Death at Tea Time sits inside a specific lineage of Argentine prestige true-crime documentary. Hartmann and Ragone have built that lineage almost single-handedly. What their earlier films have in common is an investigative texture and a suspicion of institutions — in particular of the media institutions that shape public memory of violent crime. What this film has to break is the genre’s default grammar. Cabezas and Carmel are about cases where the audience enters looking for justice the courts failed to deliver. There is no such gap here. Yiya was tried, convicted, imprisoned, released. Hartmann has to invent a different grammar — not what happened, but what happened after what happened. The Yiya story is also already one of the most-adapted criminal biographies in Argentine culture. Theater productions, a television movie, a fiction series released only months before this documentary.
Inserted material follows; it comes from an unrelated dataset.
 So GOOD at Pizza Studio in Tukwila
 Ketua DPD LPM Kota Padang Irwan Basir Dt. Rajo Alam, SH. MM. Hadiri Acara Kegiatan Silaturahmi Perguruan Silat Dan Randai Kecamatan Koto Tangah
The film has to earn its existence against that saturation, and the argument it makes for itself is that the real subject of the Yiya case has been performed repeatedly as entertainment but never seriously examined as cultural pathology.

The result is that Death at Tea Time refuses most of the reassuring pleasures the Netflix true-crime catalog has conditioned its audience to expect. There is no twist. No wrongful conviction. No mystery about guilt. What the film offers instead is the viewer’s own implication. You are watching a Netflix documentary about a poisoner, produced and distributed inside the same spectacle economy that once turned her into a talk-show guest. The film knows this about itself. That self-knowledge is what distinguishes it from the cheaper end of the genre, and it is also what generates the film’s single most consequential ethical choice: the refusal to give Yiya her own voice. She is dead and the film does not ventriloquize her. No letters are read in voiceover. No actor is asked to give her interiority. She exists in the film only in the form her own celebrity produced — on the couches, in the studios, in the archival footage. The spectacle is permitted to testify against itself.

Martín Murano’s role in the film reflects the same ethical carefulness. He is not a quote supplier. He is the only figure in Argentine public life who has consistently refused the forgiveness the culture extended, and the film positions him as such. That role fell to him, essentially alone, because the culture around him was not prepared to take it up. The isolation of his position is, among other things, the indictment.

What the film cannot and does not answer is whether any documentary, including this one, can do for the victims’ families what forty years of Argentine television conspicuously did not. If a country has already forgiven a murderer by finding her funny, returning the camera to her image — even in critique, even with moral seriousness, even with a son’s testimony as the moral center — is not guaranteed to undo that forgiveness. It may, against the filmmakers’ intentions, extend it. The film refuses to resolve that problem because it cannot be resolved from inside the form that produced it.

Death at Tea Time is directed by Alejandro Hartmann and produced by Vanessa Ragone for Haddock Films, the team behind Carmel: ¿Quién mató a María Marta? and El fotógrafo y el cartero: El crimen de Cabezas. Testimonial voices include Martín Murano and journalist Chiche Gelblung, alongside members of the victims’ families. The film had its festival preview at Cine Gaumont on April 17 as part of BAFICI.

The documentary premieres globally on Netflix on April 23.